Archive for the ‘Hardware’ Category

The BrainPool Discusses Extended Warranties for Aging Servers

April 10th, 2010 by Paul Sterley | No Comments | Filed in Backup and Restore, Hardware, Virtualization

Recently, a discussion took place on the BrainPool distribution group that contained good comments and perspectives about extending the warranty on an aging server. I felt that there was significant value in this conversation, so I have pasted it below in its entirety. If you’d rather just have the salient points, I have enumerated them here:

 

Pros:

·         Fast replacement of hardware when a clear and definable failure occurs.

·         Availability of replacement hardware that may not easily be found elsewhere.

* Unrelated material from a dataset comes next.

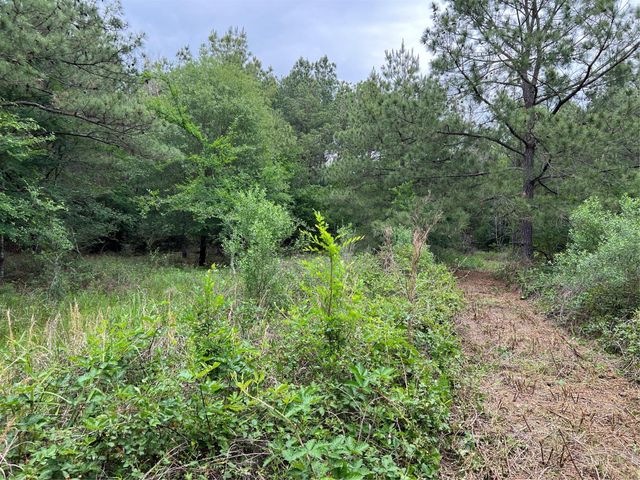 0019 English Rd Road, Bedias, TX 77831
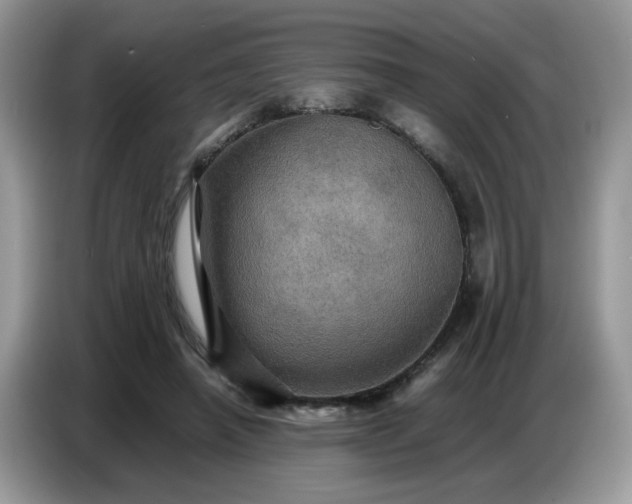 X0000086770450200704271753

·         Peace of mind for business owners that in the event of a failure, a mechanism exists for fast recovery.

 

Cons:

·         Expense that might be better spent elsewhere, for example the purchase of a new server.

·         False sense of security which could lead to downtime when the aging server fails.

 

Mitigating Factors:

·         In a virtual environment with a Storage Area Network, it is fast and easy to boot a VM on another host when one fails.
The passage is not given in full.